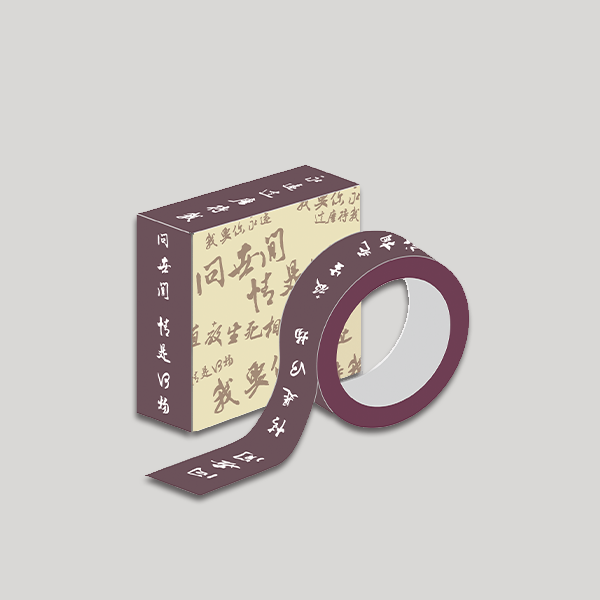 Thumbnail Washi tape (Love): What is love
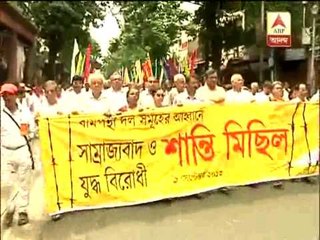 Peace Rally of Left parties in Kolkata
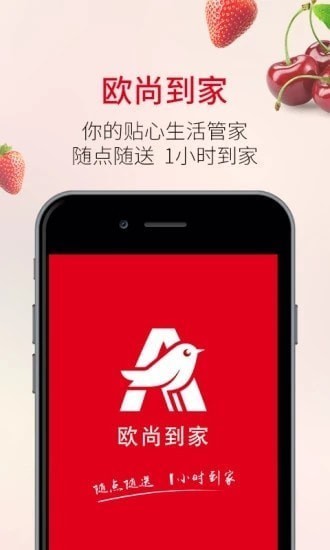 欧尚到家app下载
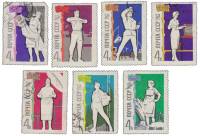 1962-093-99  Серия Набор марок (7 шт) СССР   , II Θ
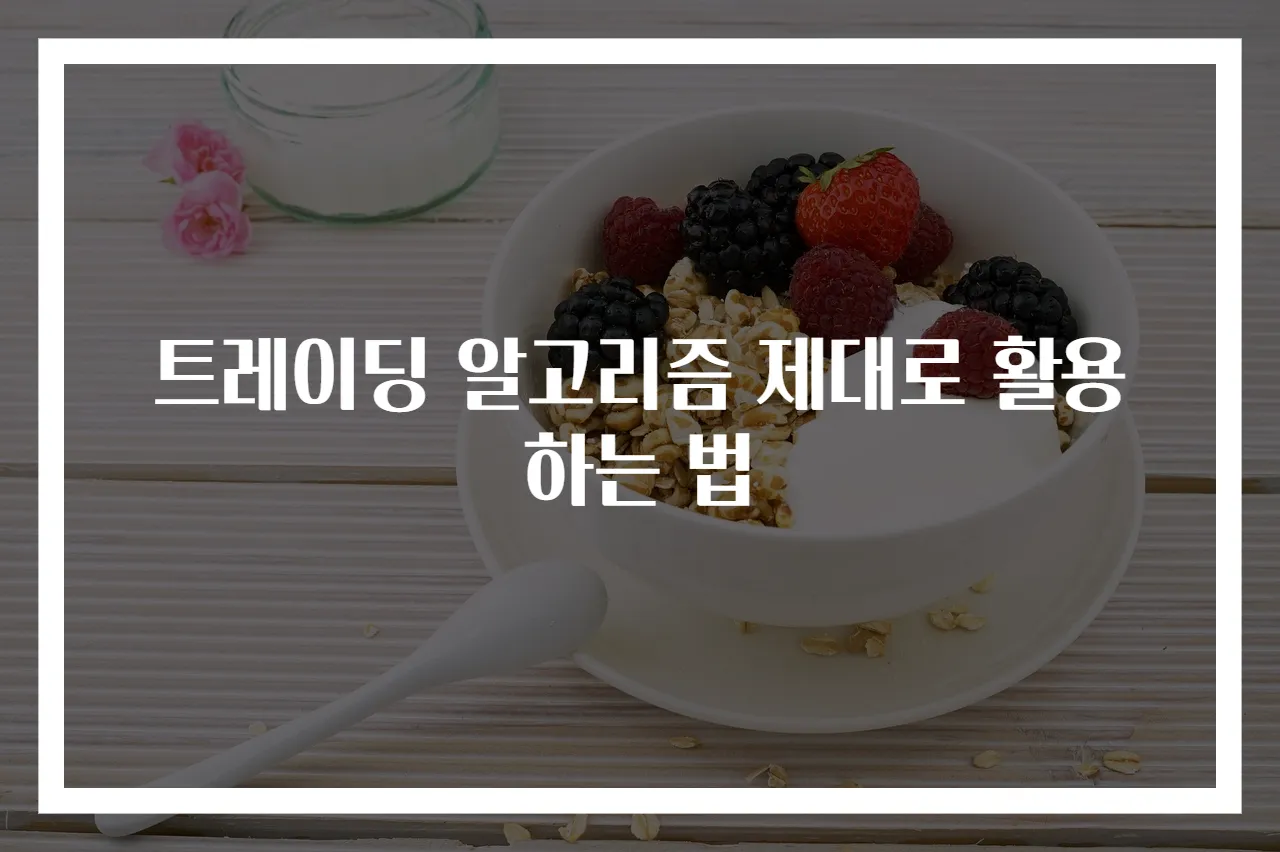 트레이딩 알고리즘 제대로 활용하는 법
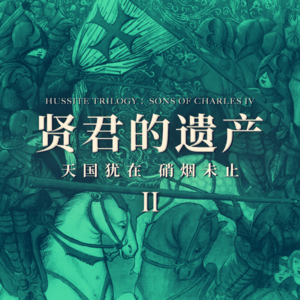 《天国》犹在，硝烟未止：波西米亚大舞台中心的君王、贵族与佣兵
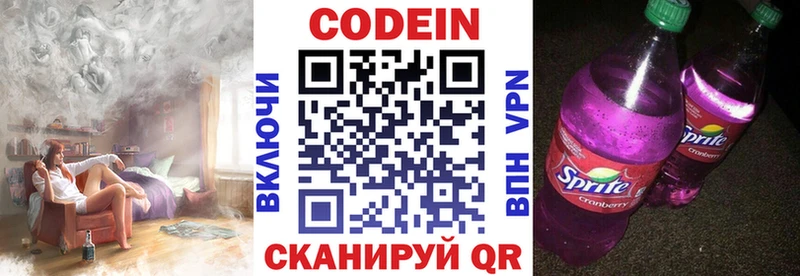 Кодеиновый сироп Lean напиток Lean (лин)  купить  цена  Ишимбай 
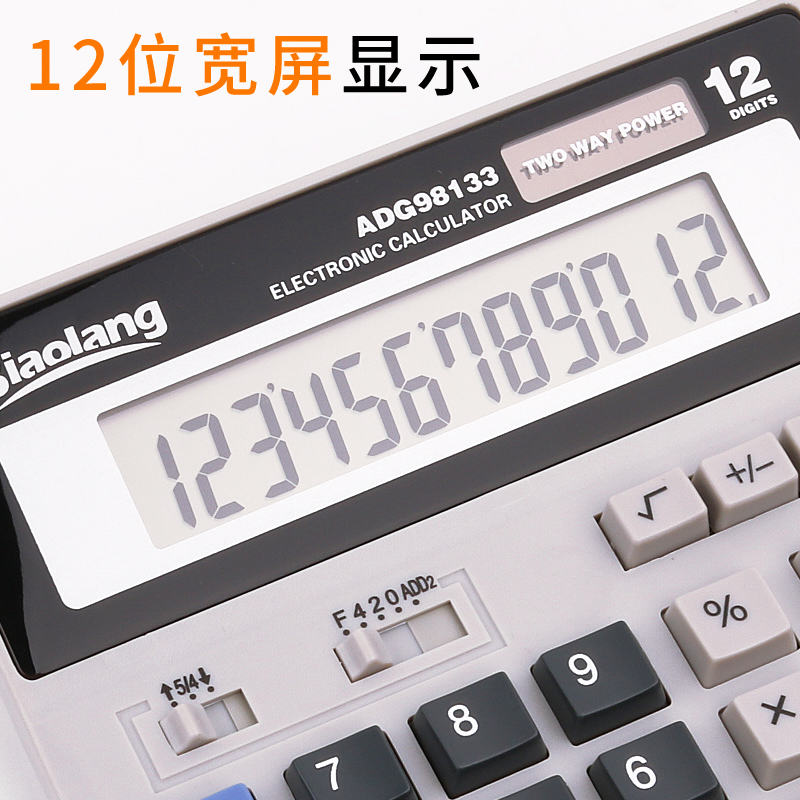 机个性创意时尚办公用按键财务会计专用计算品机太阳能电池两用记|ruв категории электронный словарь/электрический бумажных книг/канцелярские принадлежности, калькулятор - от Buy2taobao.com для оказания профессиональной услуги покупки агента Taobao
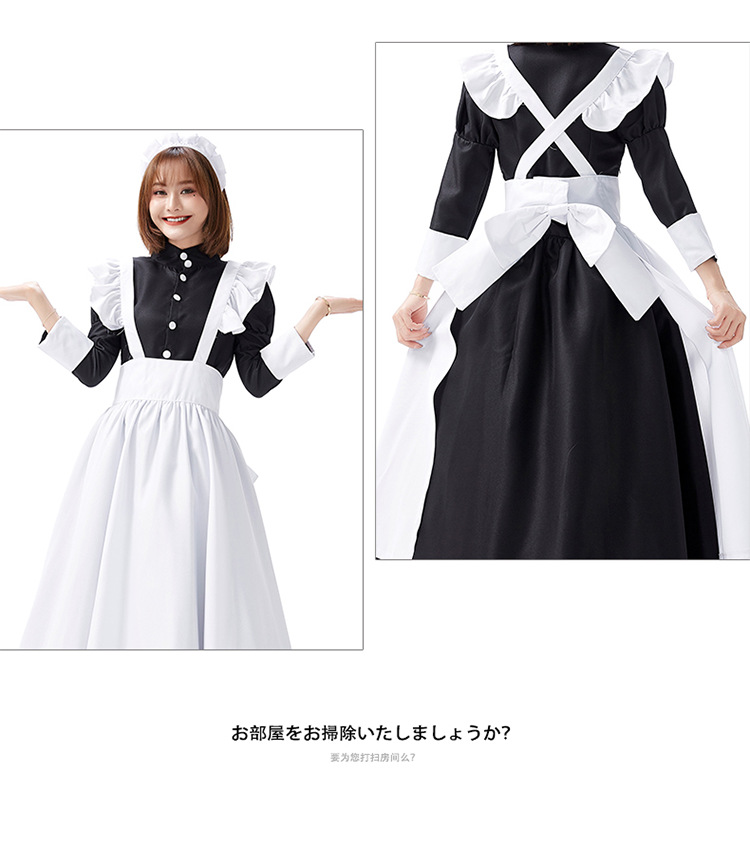 Castle maid outfit, white and black maid dress, old castle long skirt, cafe waitress, black and white stage performance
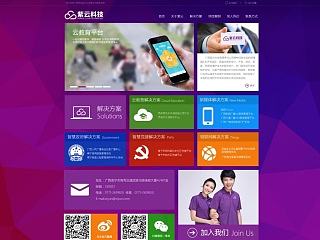 广西紫云科技有限责任公司官网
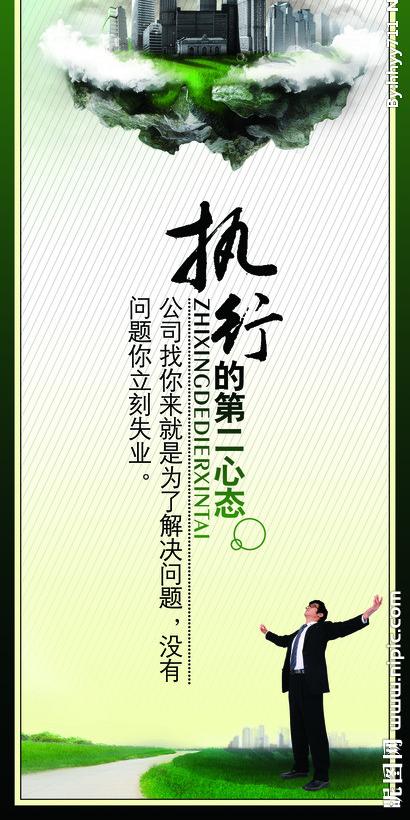 执行力图片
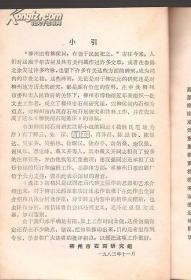 柳侯祠石刻选注（初稿）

+-------+

→ Your task: Quote exactly, and only, the lines from the line containing "Peace Rally of Left parties in Kolkata" through the final line of the records above, both included, omitting any pictures.

→ Answer section:
 Peace Rally of Left parties in Kolkata
 欧尚到家app下载
 1962-093-99  Серия Набор марок (7 шт) СССР   , II Θ
 트레이딩 알고리즘 제대로 활용하는 법
 《天国》犹在，硝烟未止：波西米亚大舞台中心的君王、贵族与佣兵
 Кодеиновый сироп Lean напиток Lean (лин)  купить  цена  Ишимбай 
 机个性创意时尚办公用按键财务会计专用计算品机太阳能电池两用记|ruв категории электронный словарь/электрический бумажных книг/канцелярские принадлежности, калькулятор - от Buy2taobao.com для оказания профессиональной услуги покупки агента Taobao
 Castle maid outfit, white and black maid dress, old castle long skirt, cafe waitress, black and white stage performance
 广西紫云科技有限责任公司官网
 执行力图片
 柳侯祠石刻选注（初稿）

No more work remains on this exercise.